While Kamille Gentles-Peart applauds the open education movement for expanding access to knowledge and including diverse student voices, she would like to see it do more to address systemic racism in academia.
Gentles-Peart, a professor of communication and media studies at Roger Williams University in Rhode Island, spoke about the issue at the 2022 Open Education Conference. (Video recording of her Oct. 20 talk is accessible here.)
“To be effective as a tool for racial justice, I believe that open education movements and practitioners need to do some introspection and make some changes,” Gentles-Peart said. “Being open doesn’t automatically mean you are anti-racist. It needs to be intentional.”
Gentles-Peart, who is originally from Jamaica, has a PhD in communication and a graduate certificate in gender studies from the University of Michigan, Ann Arbor. She is an interdisciplinary scholar whose research agenda looks at the ways in which anti-black racism is perpetuated through discourses and practices around Black women’s bodies and the wellness strategies Black women use to disrupt these racist and colonialist ideas.
As a professor, author and advocate, she is committed to fostering equitable environments for Black people and other people of color in the academy.
Gentles-Peart said she wants to create spaces that affirm the experiences of those who have been made invisible in society because of their race, and encourage racially dominant people to reflect on their own dominant racial positionalities.
“I deeply believe that the mission of higher education is not only to disseminate ‘the material,’ but to equip and inspire students to question and transform racial hierarchies, to cultivate their potential to be agents of racial justice,” Gentles-Peart said.
In her remarks at the October online event, Gentles-Peart said the progress in open education demonstrates it can provide “very fertile ground for dismantling racial oppressions in higher education.” However, to achieve such a goal, she challenged practitioners to become informed and be deliberate in their actions.
Gentles-Peart offered four suggestions for how open practices can be effectively mobilized for racial justice.

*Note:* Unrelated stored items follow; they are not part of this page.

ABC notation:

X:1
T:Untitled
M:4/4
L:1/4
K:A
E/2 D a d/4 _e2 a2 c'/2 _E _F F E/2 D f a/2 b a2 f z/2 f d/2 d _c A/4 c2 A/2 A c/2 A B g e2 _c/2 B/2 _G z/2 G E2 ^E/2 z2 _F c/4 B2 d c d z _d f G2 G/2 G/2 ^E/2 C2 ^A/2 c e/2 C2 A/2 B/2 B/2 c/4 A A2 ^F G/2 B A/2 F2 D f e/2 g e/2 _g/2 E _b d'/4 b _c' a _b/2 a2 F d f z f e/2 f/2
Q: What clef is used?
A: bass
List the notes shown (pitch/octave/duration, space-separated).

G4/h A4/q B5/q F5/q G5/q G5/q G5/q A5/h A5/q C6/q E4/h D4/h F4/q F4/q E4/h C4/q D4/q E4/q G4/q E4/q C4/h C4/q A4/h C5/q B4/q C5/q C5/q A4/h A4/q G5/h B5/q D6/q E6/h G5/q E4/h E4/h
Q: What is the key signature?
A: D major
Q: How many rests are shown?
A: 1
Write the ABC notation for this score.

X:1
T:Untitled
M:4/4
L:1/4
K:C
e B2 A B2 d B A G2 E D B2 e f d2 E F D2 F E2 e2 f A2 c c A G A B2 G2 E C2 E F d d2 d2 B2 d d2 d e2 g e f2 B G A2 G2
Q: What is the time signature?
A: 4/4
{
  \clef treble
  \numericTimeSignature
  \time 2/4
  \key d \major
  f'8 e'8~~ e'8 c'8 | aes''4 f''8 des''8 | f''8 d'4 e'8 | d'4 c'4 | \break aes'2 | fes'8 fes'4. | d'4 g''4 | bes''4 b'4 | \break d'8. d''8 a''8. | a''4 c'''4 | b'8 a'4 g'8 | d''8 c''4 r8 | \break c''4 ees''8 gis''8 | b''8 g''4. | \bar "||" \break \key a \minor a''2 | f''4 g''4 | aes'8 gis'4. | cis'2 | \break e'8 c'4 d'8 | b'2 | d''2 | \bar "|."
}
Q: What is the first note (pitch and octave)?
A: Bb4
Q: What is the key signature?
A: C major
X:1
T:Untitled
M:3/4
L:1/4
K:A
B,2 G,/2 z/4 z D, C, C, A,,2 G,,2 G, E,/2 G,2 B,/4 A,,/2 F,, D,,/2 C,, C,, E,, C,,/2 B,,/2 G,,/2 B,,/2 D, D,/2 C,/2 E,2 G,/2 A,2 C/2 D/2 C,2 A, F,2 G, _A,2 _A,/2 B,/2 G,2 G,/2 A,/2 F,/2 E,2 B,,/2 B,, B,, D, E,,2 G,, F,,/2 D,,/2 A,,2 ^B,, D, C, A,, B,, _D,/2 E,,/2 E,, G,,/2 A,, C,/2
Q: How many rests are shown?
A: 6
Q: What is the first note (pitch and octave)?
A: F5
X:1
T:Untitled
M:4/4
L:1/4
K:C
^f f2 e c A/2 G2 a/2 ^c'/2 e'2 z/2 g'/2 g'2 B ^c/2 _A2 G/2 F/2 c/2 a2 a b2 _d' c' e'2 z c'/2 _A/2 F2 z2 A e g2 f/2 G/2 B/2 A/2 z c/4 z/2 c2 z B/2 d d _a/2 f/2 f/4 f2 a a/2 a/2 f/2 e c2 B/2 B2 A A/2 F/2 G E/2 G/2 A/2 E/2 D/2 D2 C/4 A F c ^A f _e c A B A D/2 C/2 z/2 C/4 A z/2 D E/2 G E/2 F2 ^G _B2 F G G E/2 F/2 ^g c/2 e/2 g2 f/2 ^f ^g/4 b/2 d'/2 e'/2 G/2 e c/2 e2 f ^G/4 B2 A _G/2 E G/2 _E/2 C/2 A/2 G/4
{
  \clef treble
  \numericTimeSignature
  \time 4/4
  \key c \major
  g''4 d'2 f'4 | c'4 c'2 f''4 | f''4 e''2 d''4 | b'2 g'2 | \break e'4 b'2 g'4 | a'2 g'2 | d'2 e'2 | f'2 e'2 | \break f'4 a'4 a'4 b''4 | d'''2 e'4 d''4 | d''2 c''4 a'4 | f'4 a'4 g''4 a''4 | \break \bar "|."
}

Open education needs to be practiced with an understanding of racial power and “education violence.” Marginalized communities, particularly Black people, have been harmed at an interpersonal, cultural and institutional level in higher education, Gentles-Peart said, citing the research of Jalili Mustafa. Many colleges and universities were made possible because of land theft and the slave system. These institutions continue to support policies that hurt Black and indigenous people and promote curriculum that explicitly excludes the voices of people of color.
It’s important, she said, to provide professional development in open practices that are framed in the realities of education violence and acknowledges this historical framework.
“It cannot be conceptualized and practiced in a vacuum,” she said of OER. “It has to be a part of a larger movement for institutional transformation, an ideological shift in education.”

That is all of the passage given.